Stored items
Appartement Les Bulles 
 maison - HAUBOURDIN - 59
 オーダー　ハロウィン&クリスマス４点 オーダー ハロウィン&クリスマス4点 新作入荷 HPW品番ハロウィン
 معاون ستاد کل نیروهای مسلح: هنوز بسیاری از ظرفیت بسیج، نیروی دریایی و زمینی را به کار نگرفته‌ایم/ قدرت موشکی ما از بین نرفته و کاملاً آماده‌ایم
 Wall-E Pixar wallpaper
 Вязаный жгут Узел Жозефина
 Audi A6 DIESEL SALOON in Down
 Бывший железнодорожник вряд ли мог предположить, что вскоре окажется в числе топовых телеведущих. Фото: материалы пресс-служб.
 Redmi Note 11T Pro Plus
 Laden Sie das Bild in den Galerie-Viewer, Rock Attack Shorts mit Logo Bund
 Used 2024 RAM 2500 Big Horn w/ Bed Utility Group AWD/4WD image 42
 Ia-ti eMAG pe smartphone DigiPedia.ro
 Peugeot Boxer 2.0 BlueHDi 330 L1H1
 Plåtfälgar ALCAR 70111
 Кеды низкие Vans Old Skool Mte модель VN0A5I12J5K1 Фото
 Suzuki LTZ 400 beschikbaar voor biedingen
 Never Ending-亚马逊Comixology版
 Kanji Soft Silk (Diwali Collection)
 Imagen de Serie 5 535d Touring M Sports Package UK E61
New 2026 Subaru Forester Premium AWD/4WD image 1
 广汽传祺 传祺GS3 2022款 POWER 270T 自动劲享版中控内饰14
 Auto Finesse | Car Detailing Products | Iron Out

> How to complete this task: The line with "Laden Sie das", the last line of the data above, and every line between them should be duplicated exactly, with nothing else.

> Solution below:
 Laden Sie das Bild in den Galerie-Viewer, Rock Attack Shorts mit Logo Bund
 Used 2024 RAM 2500 Big Horn w/ Bed Utility Group AWD/4WD image 42
 Ia-ti eMAG pe smartphone DigiPedia.ro
 Peugeot Boxer 2.0 BlueHDi 330 L1H1
 Plåtfälgar ALCAR 70111
 Кеды низкие Vans Old Skool Mte модель VN0A5I12J5K1 Фото
 Suzuki LTZ 400 beschikbaar voor biedingen
 Never Ending-亚马逊Comixology版
 Kanji Soft Silk (Diwali Collection)
 Imagen de Serie 5 535d Touring M Sports Package UK E61
New 2026 Subaru Forester Premium AWD/4WD image 1
 广汽传祺 传祺GS3 2022款 POWER 270T 自动劲享版中控内饰14
 Auto Finesse | Car Detailing Products | Iron Out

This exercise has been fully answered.